Het is dus buitengewoon duurzaam om hele grote steden, liefst in hoge dichtheid, te bouwen. Groeikernen en buitenwijken, aldus Florida, moeten daartoe met de kernstad worden verbonden via frequent en hoogwaardig openbaar vervoer, vervolgens dienen deze suburbane gebieden te worden verdicht. “Not everyone wants to live in a city center, and the suburbs are not about to disappear. But at the same time, we cannot facilitate economic recovery by continuing our outward expansion, gobbling up more and more land to build more housing developments.” Zou de volgende Minister van Ruimtelijke Ordening en Milieu zo’n boodschap afgeven, in plaats van Nederland alleen maar mooier te willen maken, dan was er in dit land veel gewonnen.

Gelezen in Het Financieele Dagblad van 11 maart 2009:
Knipsel gekregen van Bob van der Zande in het vliegtuig, onderweg van Amsterdam naar New York, en nu pas in mijn knipselarchief verwerkt. Het gaat over Engelse steden die toewerken naar zelfvoorziening, de zogenaamde Transition Towns (TT). Zeer toepasselijk, want veel mensen die aanwezig waren bij mijn lezing in New York vielen over het derde deel van het drieluik, getiteld ”’Houtskoolschets 2.0”. Ze vonden het allemaal veel te lokaal. In eerste instantie deed ik het af als misverstand, als niet doorgronden wat ik deed. Immers, het was een gedachteoefening waarbij ik naar het diepste punt van de crisis dook en vandaaruit terug redeneerde, een moeizame weg uit het diepe dal zoekend. Op die manier vond ik de echt waardevolle interventies, de juiste aanpak van de crisisbestrijding, die begint in de grote steden. Erg moeilijk, zo’n oefening, die veel vergt van je verbeeldingskracht. Je moet, om zo te zeggen, voldoende romans gelezen hebben om in een dergelijke wereld je te kunnen en willen bewegen.

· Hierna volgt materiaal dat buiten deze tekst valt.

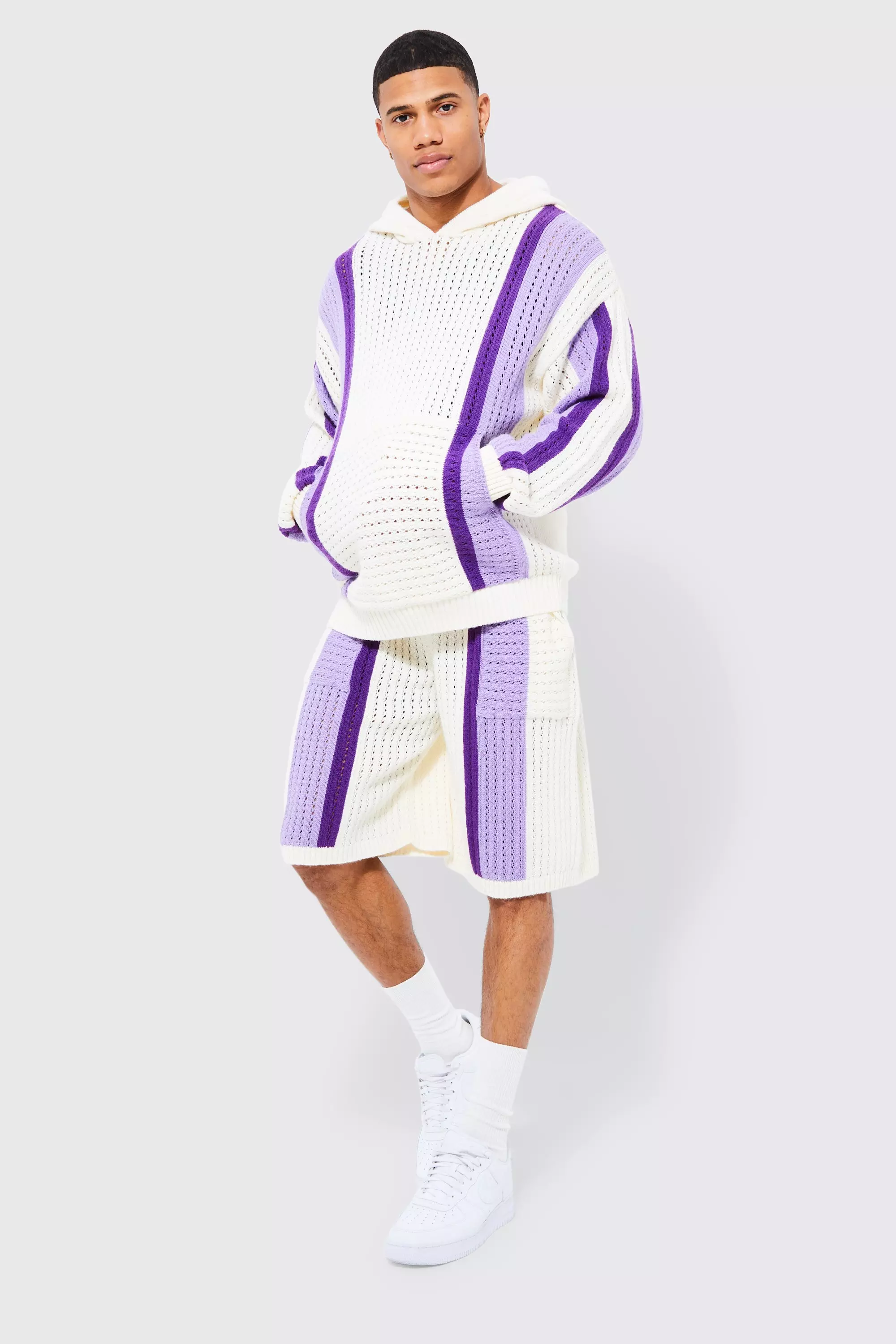 【BAON】[unisex] Tomendi Over Knit Hoodie 86418_Flint_and_Tinder_Recycle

In de Transition Towns-beweging zie je feitelijk dezelfde oefening, maar dan vanuit bezorgdheid om het milieu en de wetenschap dat de olie opraakt. Volgens de leden is ‘Peak Oil’, het moment dat de olieproductie daalt en de prijs explodeert, binnen enkele jaren realiteit. Vooral voedsel zal schaars worden. Het produceren van ons voedsel kost namelijk veel energie. Die energie wordt bijna geheel uit olie gehaald: kunstmest en trekkerdiesel voor de primaire productie, vrachtwagenbrandstof voor de distributie, gas en olie voor de productie van de verpakkingen, bezine en diesel om het voedsel van de winkel naar huis te krijgen. Techniek gaat dit energiegat niet dichten. Wind- en zonne-energie helpen onvoldoende. Er is geen blauwdruk hoe het moet worden opgelost. Elke stad zal zijn eigen oplossing moeten verzinnen. En elke stad die meedoet introduceert weer een lokale munteenheid, precies zoals Jane Jacobs dat in ‘Cities and the Wealth of Nations’ als een heilzaam economisch middel introduceerde. Trouwens, de lokale ondernemers in de Transition Towns blijken enthousiast. Inmiddels zijn er al 80 Transition Towns en nog eens 30 in oprichting. Totnes, in het zuiden van Engeland is de eerste en oudste. Rob Hopkins is de bedenker. Ik geloof dat Deventer de eerste Nederlandse stad is die zich aansluit. Fascinerend. En wanneer volgt Amsterdam? Haar voedselstrategie is al een tijd in ontwikkeling.